Your output should be an exact copy of the records, with no pictures in it.

[Records from a collection]

BEGIN

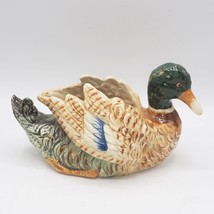 Main Peint Japonais Mallard Canard Pot de Fleur Occupé Japon 1950&#39;s - $81.51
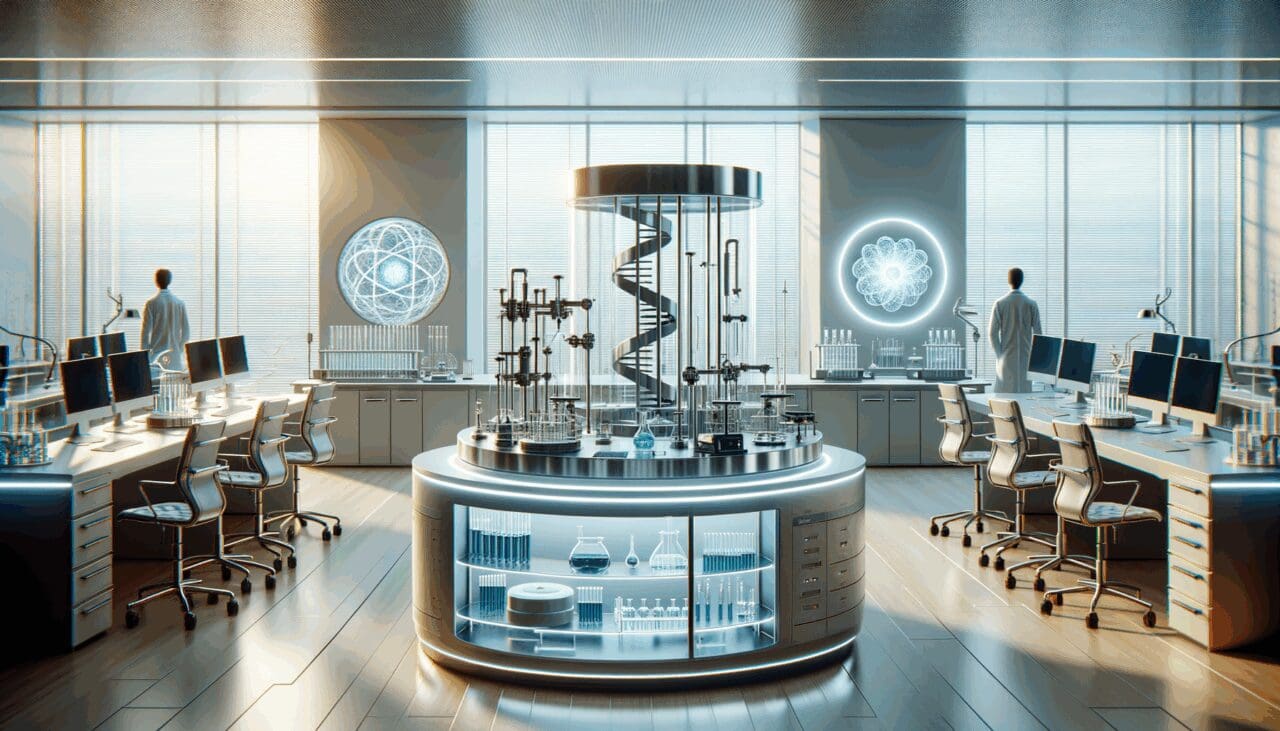 Laboratorio moderno con equipo científico trabajando en soluciones biotecnológicas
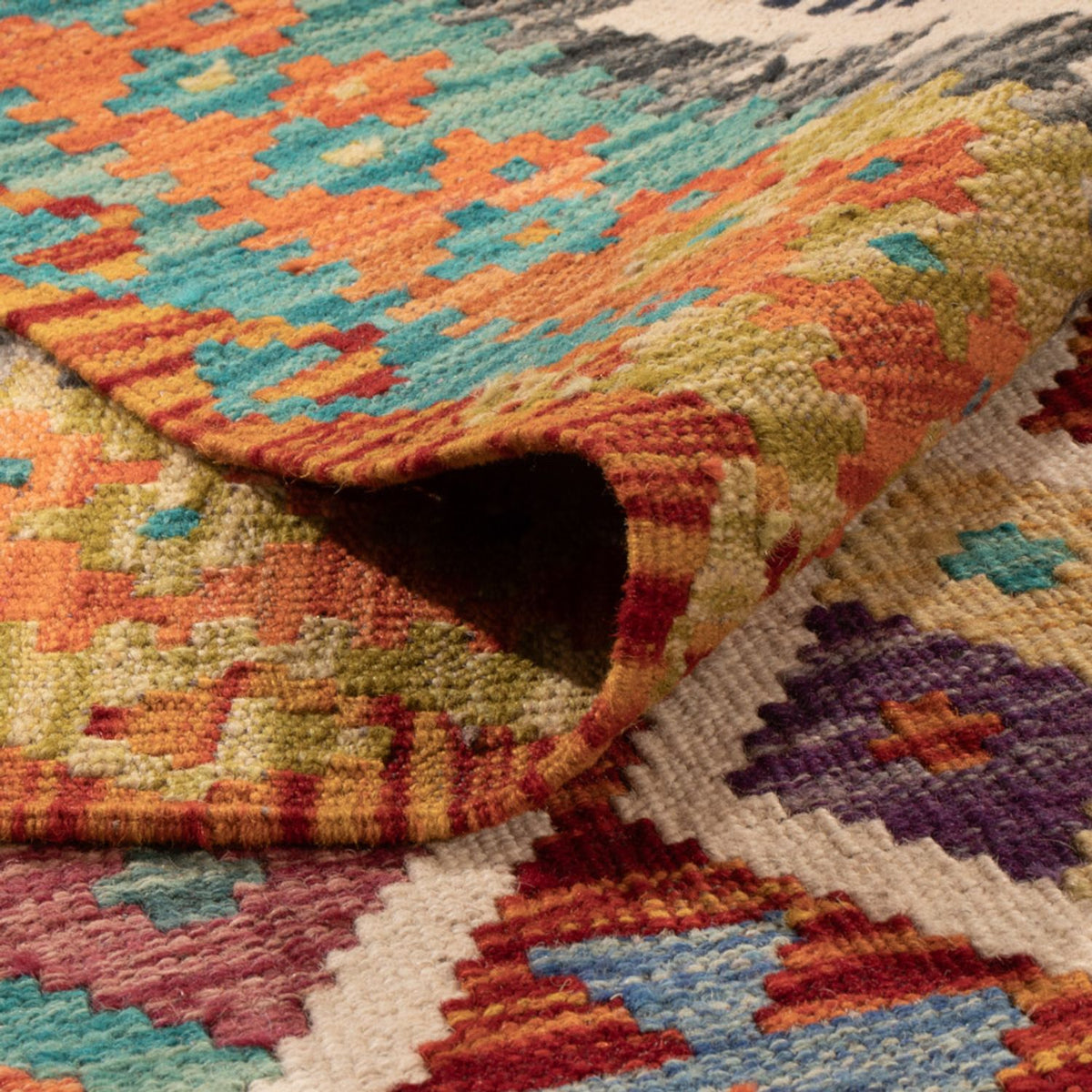 Tapis Kelim - Splash - 307 x 205 cm - multicolore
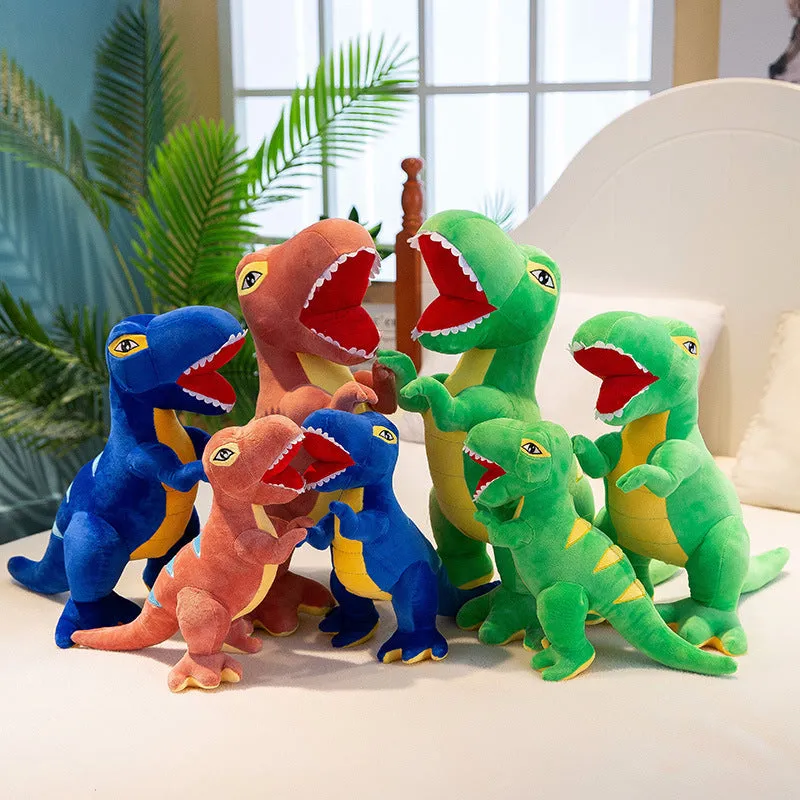 Soft plush dinosaur toy for children sleep comfort, blue colour, short plush fabric, 45cm height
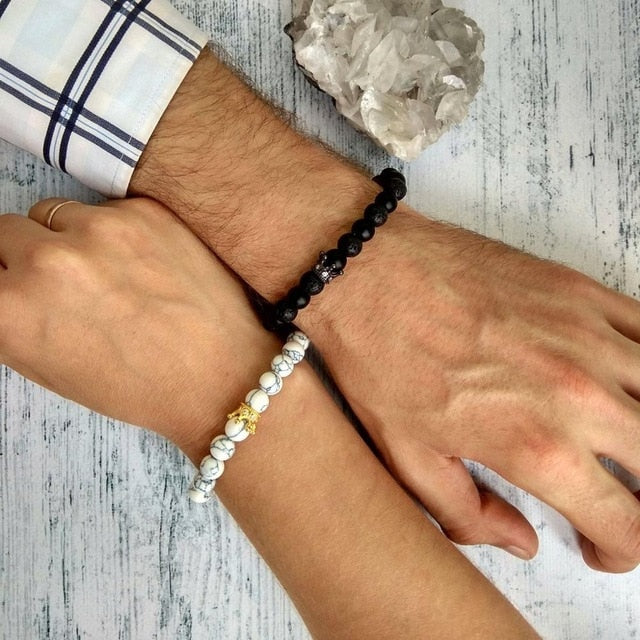 His and Hers Bracelets | King and Queen Crown Bracelets for Couples [Set of 2]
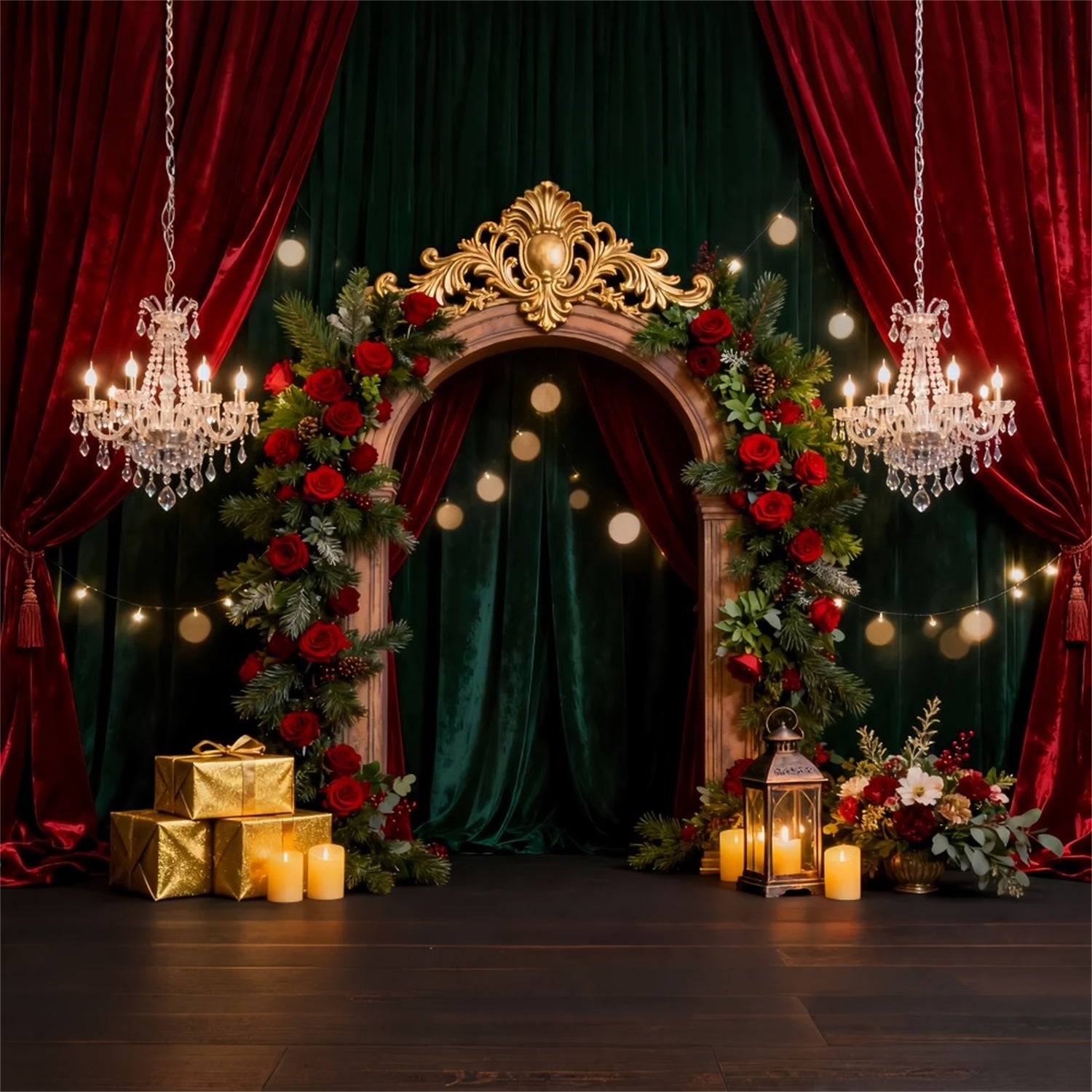 Romantic Backdrop Opulent Rose Arch Elegance Gift Box Valentine Backdrop LXX512-94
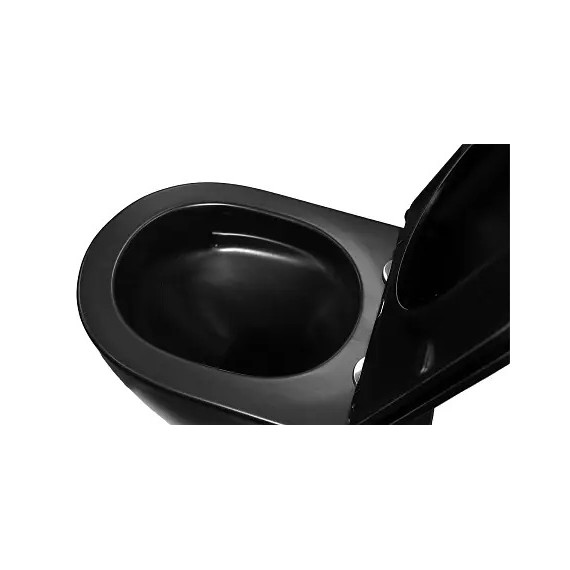 Унитаз подвесной безободковый Azario Grado AZ-0046-UQ3-MB с крышкой микролифт, чёрный матовый (Система смыва торнадо) - фото 7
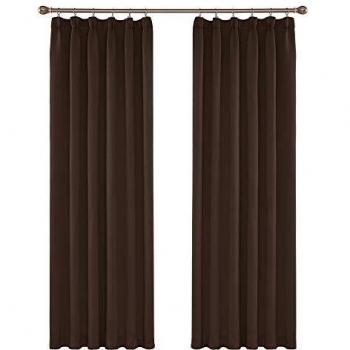 Amazon Brand - Umi Cortinas de Salón Térmicas Aislantes Dormitorio Decoración Ventanas para Habitacion Moderna Fruncido 2 Piezas 132x242cm Marrón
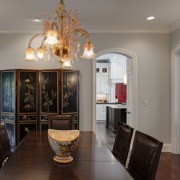 Arched openings. Red splash back. Limestone floors. White ceiling, dining room, estate, hardwood, home, interior design, living room, lobby, property, real estate, room, wall, gray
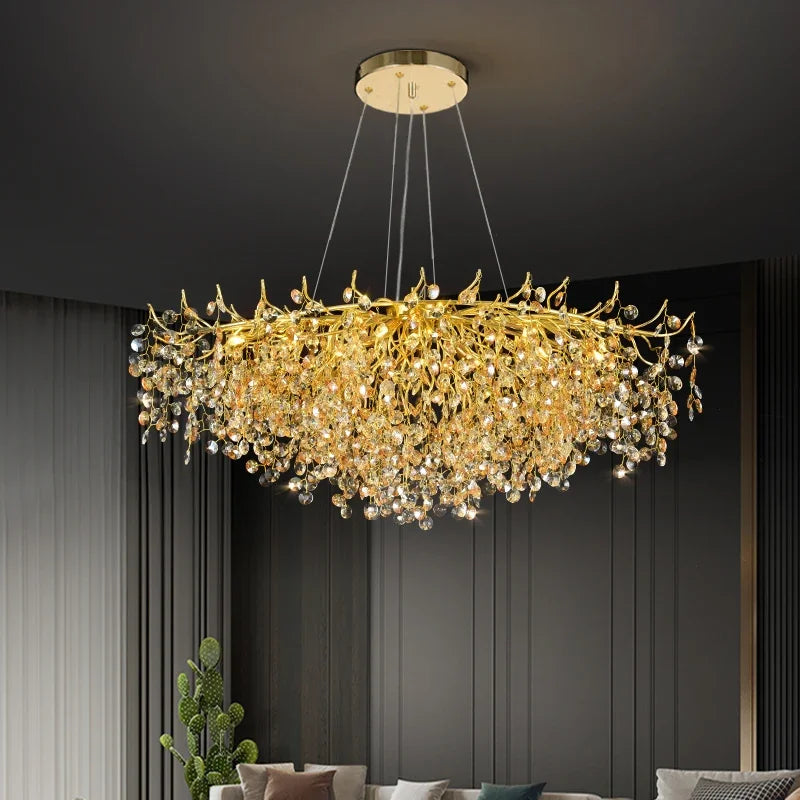 DecorBites™ Golden Dendrite Crystal LED Ceiling Chandelier - Luxe Living Room Lighting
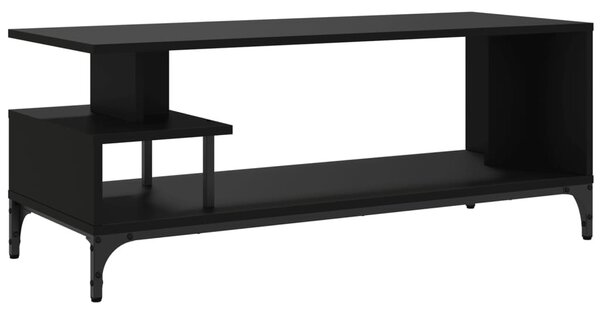 Fekete szerelt fa/porszórt acél TV-szekrény 102 x 40 x 41 cm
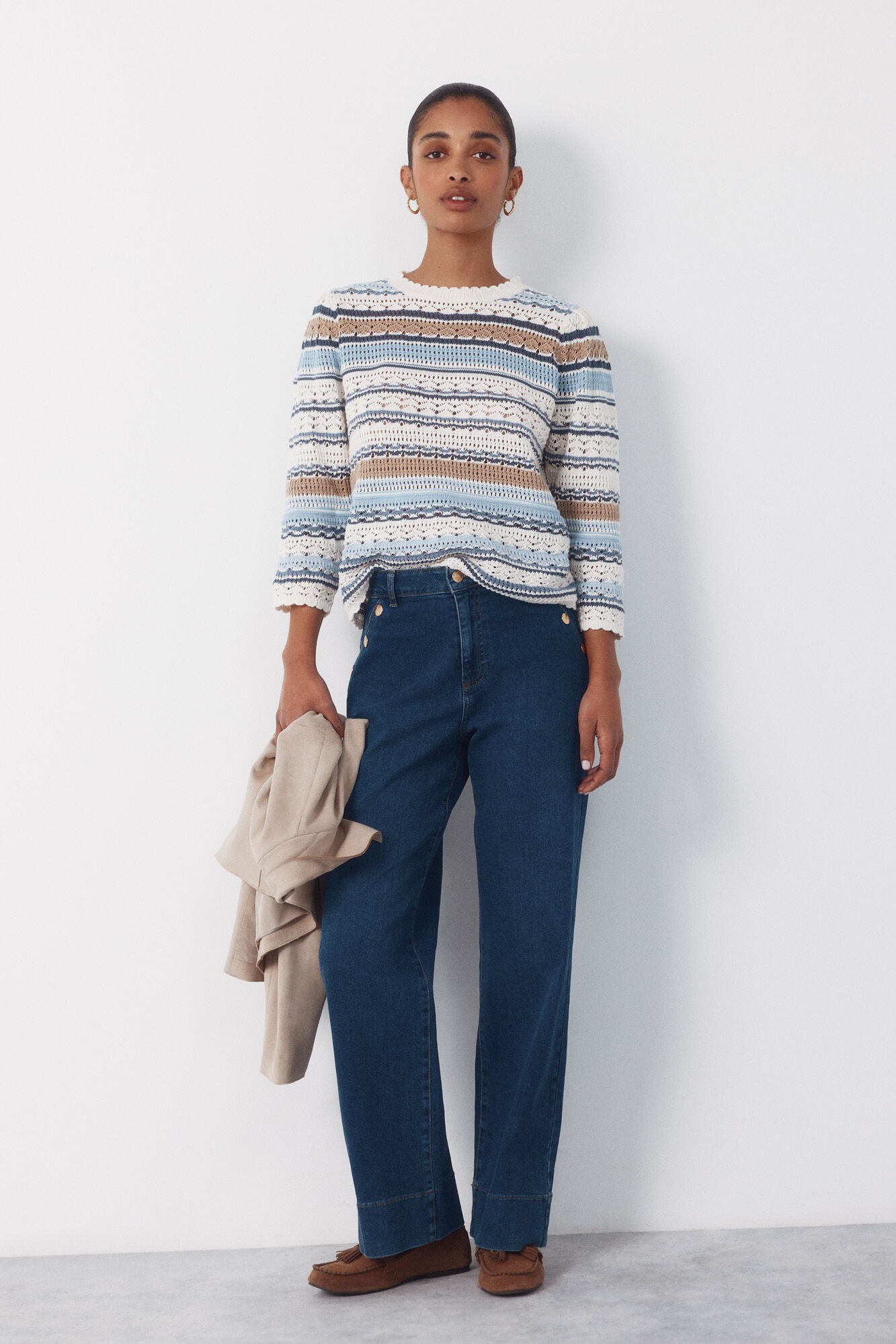 Cortefiel Camisola com riscas multicolor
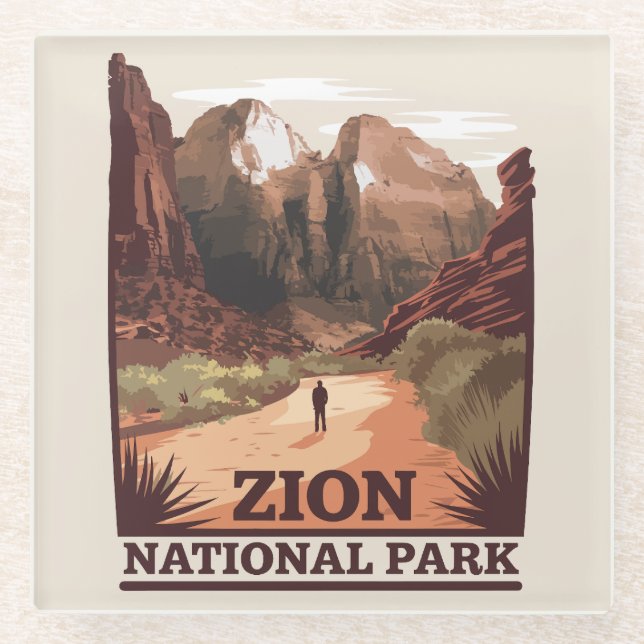 Zion-Nationalpark Glasuntersetzer (Vorderseite)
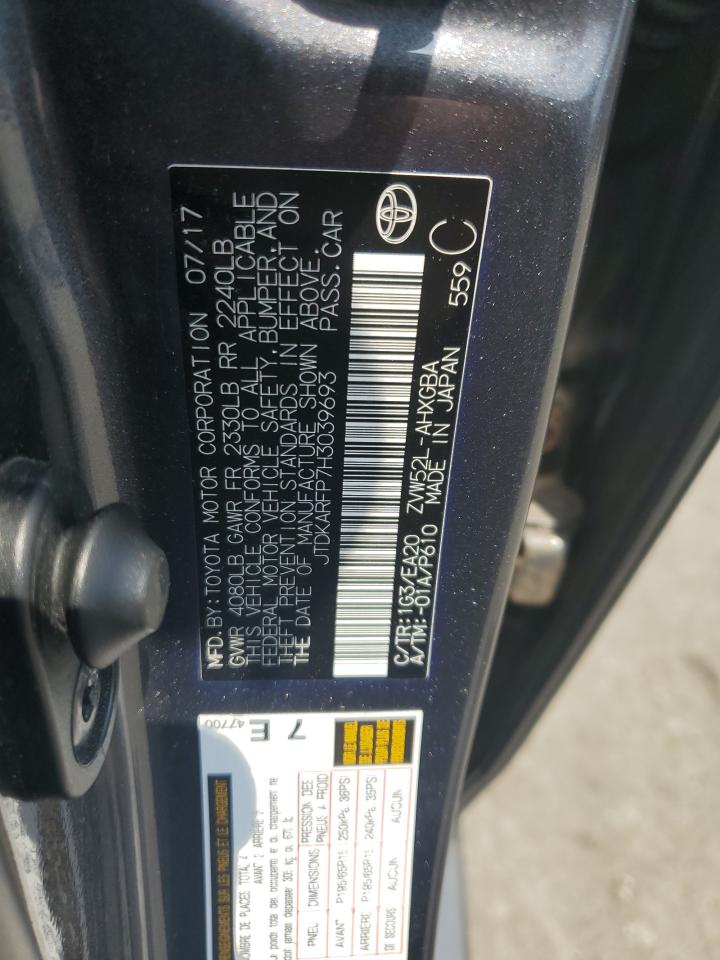 2017 Toyota Prius Prime VIN: JTDKARFP7H3039693 Lot: 64478915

END

* _WRITTEN ANSWER_:
 Main Peint Japonais Mallard Canard Pot de Fleur Occupé Japon 1950&#39;s - $81.51
 Laboratorio moderno con equipo científico trabajando en soluciones biotecnológicas
 Tapis Kelim - Splash - 307 x 205 cm - multicolore
 Soft plush dinosaur toy for children sleep comfort, blue colour, short plush fabric, 45cm height
 His and Hers Bracelets | King and Queen Crown Bracelets for Couples [Set of 2]
 Romantic Backdrop Opulent Rose Arch Elegance Gift Box Valentine Backdrop LXX512-94
 Унитаз подвесной безободковый Azario Grado AZ-0046-UQ3-MB с крышкой микролифт, чёрный матовый (Система смыва торнадо) - фото 7
 Amazon Brand - Umi Cortinas de Salón Térmicas Aislantes Dormitorio Decoración Ventanas para Habitacion Moderna Fruncido 2 Piezas 132x242cm Marrón
 Arched openings. Red splash back. Limestone floors. White ceiling, dining room, estate, hardwood, home, interior design, living room, lobby, property, real estate, room, wall, gray
 DecorBites™ Golden Dendrite Crystal LED Ceiling Chandelier - Luxe Living Room Lighting
 Fekete szerelt fa/porszórt acél TV-szekrény 102 x 40 x 41 cm
 Cortefiel Camisola com riscas multicolor
 Zion-Nationalpark Glasuntersetzer (Vorderseite)
 2017 Toyota Prius Prime VIN: JTDKARFP7H3039693 Lot: 64478915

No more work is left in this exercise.